The African Group Proposal, which provided the premise to these limitations and exceptions, emphasises the role played by educational institutions, libraries and archives in the dissemination, promotion and preservation of the cultural and scientific heritage. The tone in this proposal acknowledges literary and artistic works as cultural goods and highlights the right to education and access to information on the continent as crucial and how copyright laws could be used to address that.

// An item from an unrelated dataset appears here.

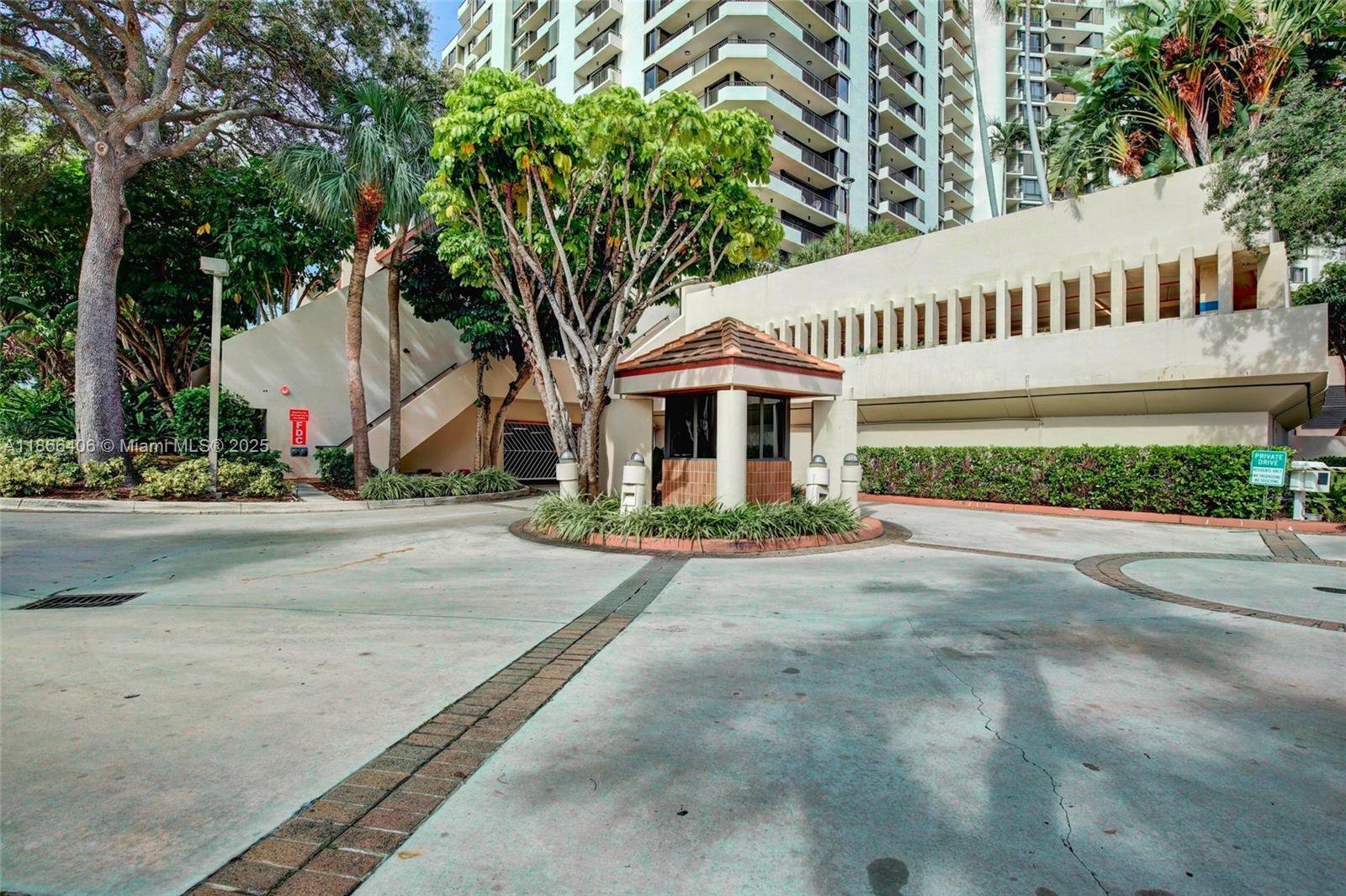 520 Brickell Key Dr Miami, FL 33131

However, the African Union has a Charter on African Cultural Renaissance, which countries to the African Proposal have signed and it too emphasises the importance of creativity and promotion of cultural goods on the continent. Article 22 of this Charter deals with assistance to artistic creation and expression, it espouses an enabling environment in order to foster creativity. Within this context it provides for ratifying conventions that promote artistic creation, tax exemptions for cultural goods and services, as well as appropriate measures to protect intellectual property rights of these cultural goods as a means to achieve this.

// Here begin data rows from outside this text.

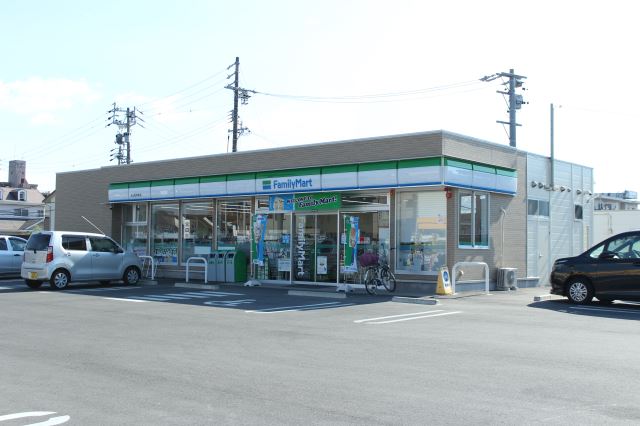 コンビニ　ファミリーマート（コンビニ）まで120m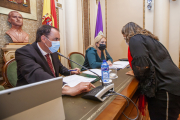 Benito Serrano, María José Jiménez junto  a Esther Pérez, en el pleno de ayer. MARIO TEJEDOR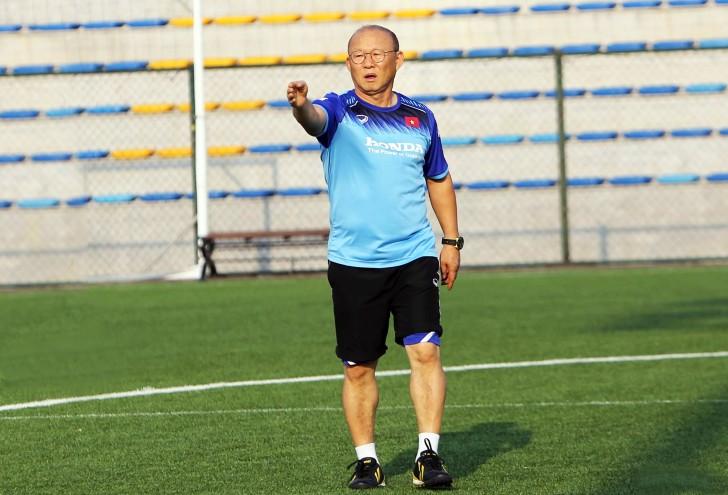 Ph&aacute;t hiện do th&aacute;m Indonesia, HLV Park Hang-seo cho dừng buổi tập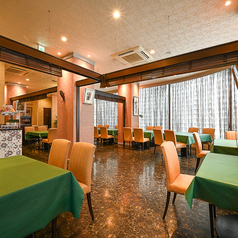 ゆったりとした空間でお食事を楽しんでいただけます。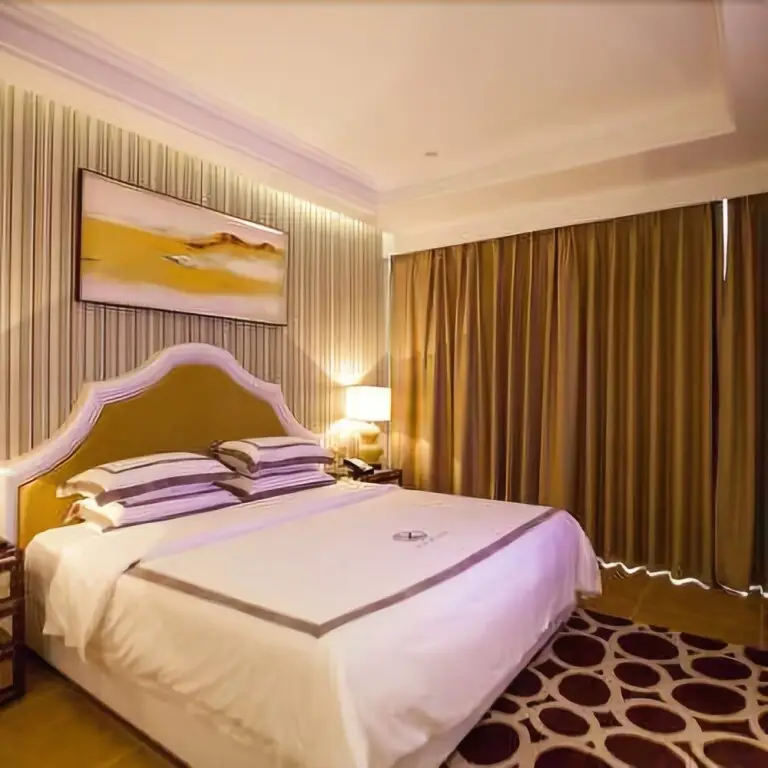 Путянь: Lock Hotel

This highlights an interesting correlation between the importance of promoting the dissemination of cultural goods and the need to re-incentivise the sector where creators of these goods are based in order for them to produce more works.

This Charter should be read alongside the African Proposal because it upholds the need to incentivise the creators of works and provides possible measures to be implemented. In Article 21 it talks about promoting the establishment of publishing and distribution houses with a particular emphasis on African languages publishing. This is key because if cultural goods such as African indigenous languages are to be successfully promoted and disseminated, the investment in the relevant sectors is crucial.
Therefore, the discussions during this session would need to delicately consider the nature of the limitations and exceptions contemplated by the African Proposal, whilst mindful of the current economic contribution of the arts and culture sectors in light of what the African Charter has to contribute to this discussion.